Opinion
February 16, 1988
Appeal from the Supreme Court, Nassau County (Levitt, J.).
Ordered that the judgment is affirmed, without costs or disbursements.
The Town Board's denial of the petitioners' application for a change of zone was a legislative action (see, Matter of Napolitano v Town Bd., 128 A.D.2d 536; Kasper v Town of Brookhaven, 122 A.D.2d 200; Matter of Amerada Hess Corp. v Lefkowitz, 82 A.D.2d 882, lv dismissed 55 N.Y.2d 603, 799) which must be upheld if it bears a substantial relationship to public health, safety, welfare or morals (see, Town of Huntington v Park Shore Country Day Camp, 47 N.Y.2d 61, rearg denied 47 N.Y.2d 1012; Northern Westchester Professional Park Assocs. v Town of Bedford, 92 A.D.2d 267, affd 60 N.Y.2d 492; Curtiss-Wright Corp. v Town of E. Hampton, 82 A.D.2d 551). The record contains evidence which demonstrates that to permit the proposed use at the subject location would set a precedent since the only office use which has been permitted in the immediate area is by resident practitioners.
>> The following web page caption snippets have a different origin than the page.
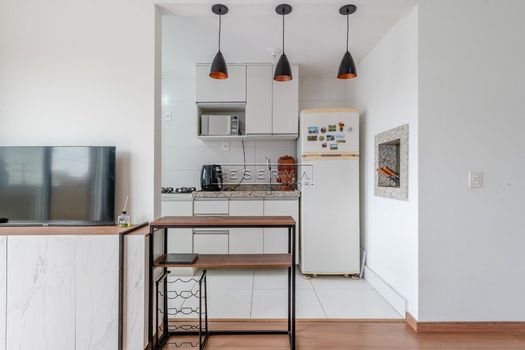 Foto 5 do(a) Apartamento de 2 quartos à venda em Passo da Areia, Porto Alegre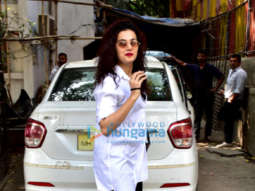 Taapsee Pannu spotted at Kromakay salon in Juhu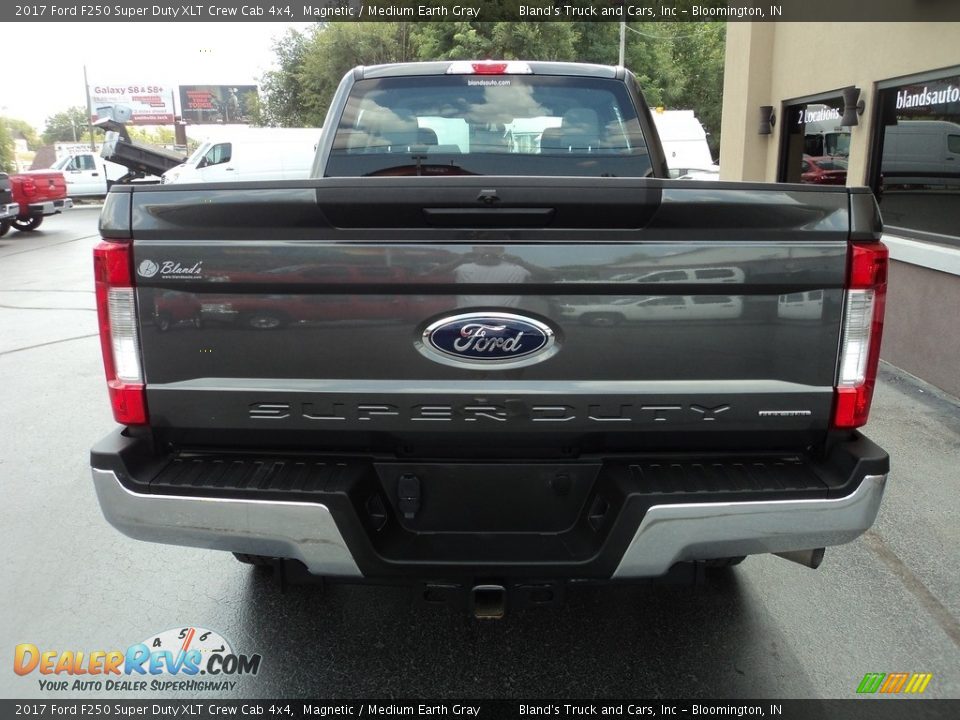 2017 Ford F250 Super Duty XLT Crew Cab 4x4 Magnetic / Medium Earth Gray Photo #28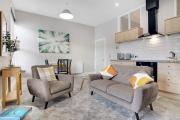 NEW! Luxury 1 Bed Apartment in Hartlepool City Centre by Stay With Us, Perfect for Couples & Contractors, FREE WI-FI!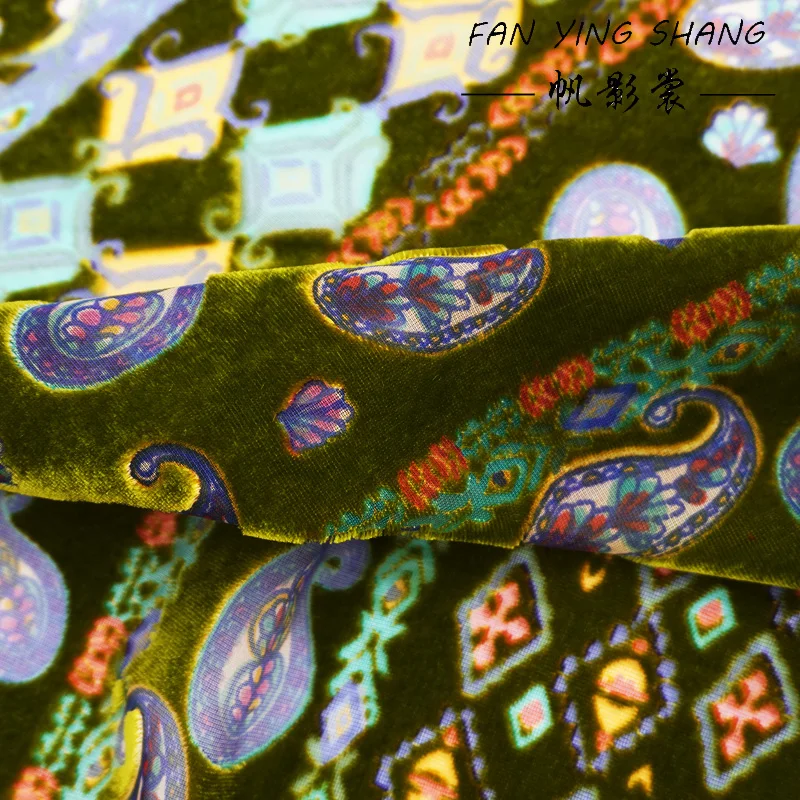 Tela de terciopelo quemado con flores de paisley coloridas y fondo verde 2026 para vestidos y camisas, telas para costura, tissus de alta costura, ткань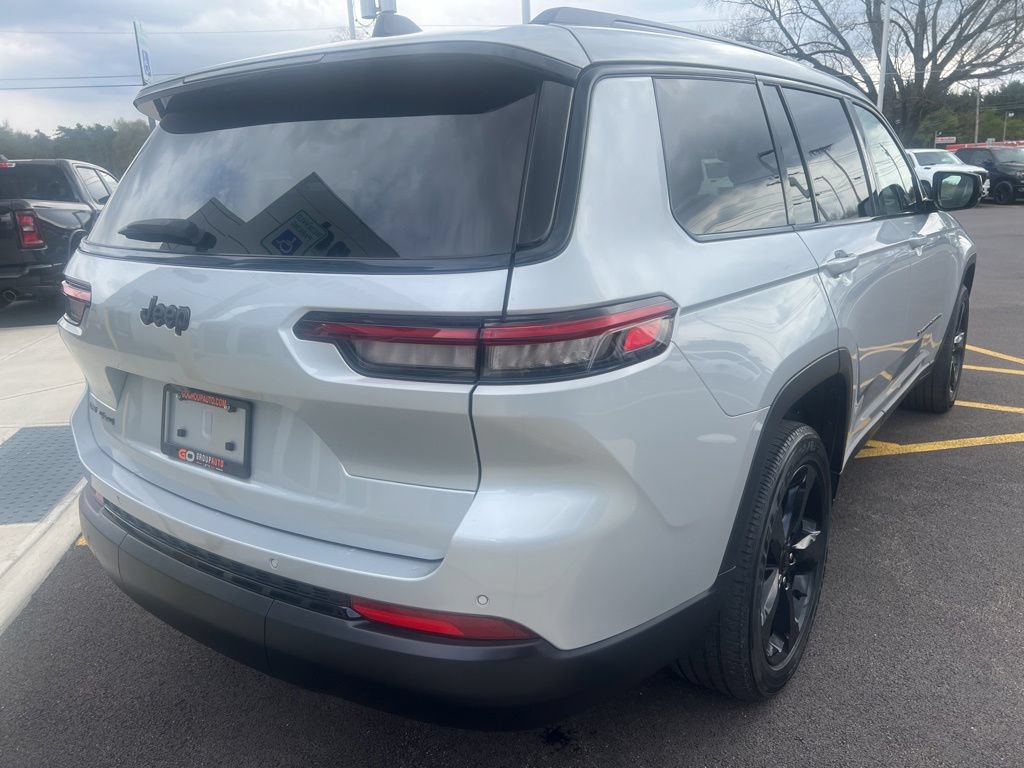 Used 2023 Jeep Grand Cherokee L Laredo AWD/4WD image 10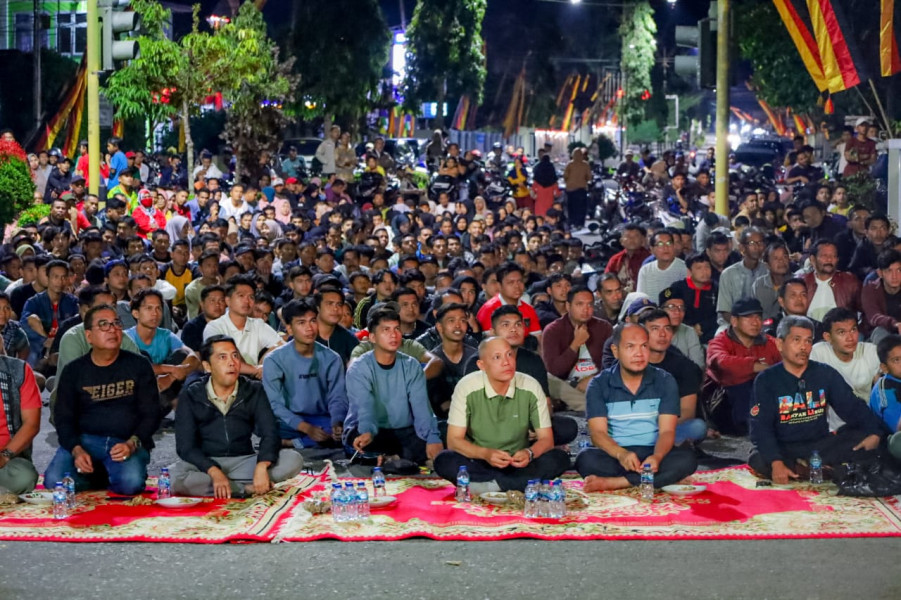 Bupati Pasaman Sabar AS Dan Forkopimda Gelar Nobar Bersama Masyarakat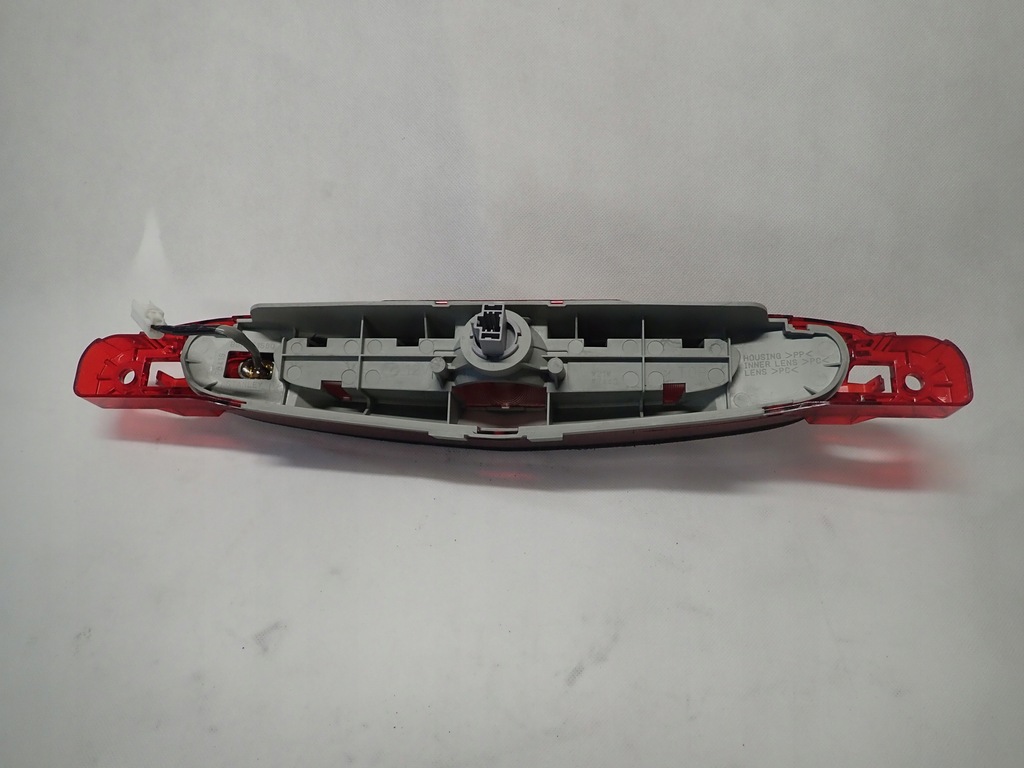 фото №4, Mazda3 mazda 3 bl sedan 4d 09- лампа 3 стоп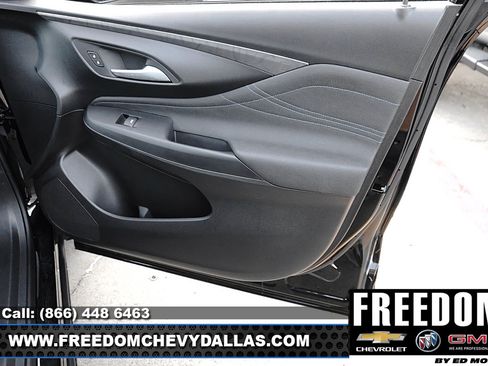 Used 2026 Buick Envista Sport Touring w/ Convenience I Package FWD image 31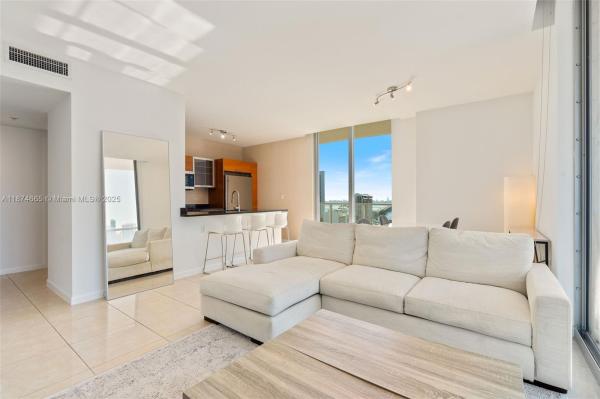 TWO MIDTOWN MIAMI CONDO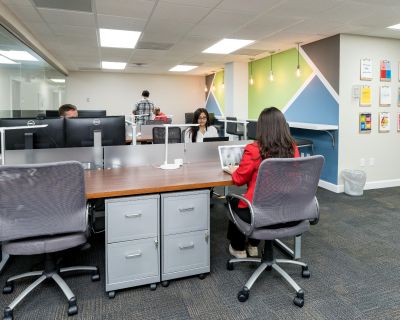 Dedicated Desk at Lakeside Executive Suites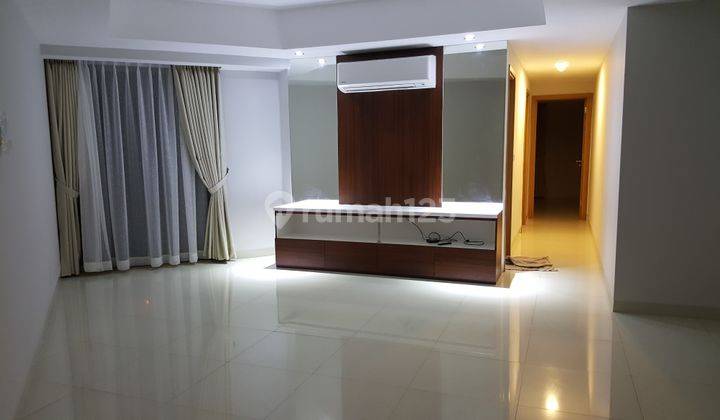 Apartemen The Mansion Jasmine 4 BR Semi Furnished Bagus 1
The Town Board's aim to keep the area residential in character is reasonably related to the public welfare (see, Town Law § 263) and its determination must therefore be upheld. We note that, contrary to the petitioners' assertions, the Nassau County Planning Commission's recommendation and findings in this matter were properly rendered and taken under advisement by the Town Board since the proposed zone change would affect property located within 500 feet of a State road (see, General Municipal Law § 239-m). Mangano, J.P., Bracken, Spatt and Harwood, JJ., concur.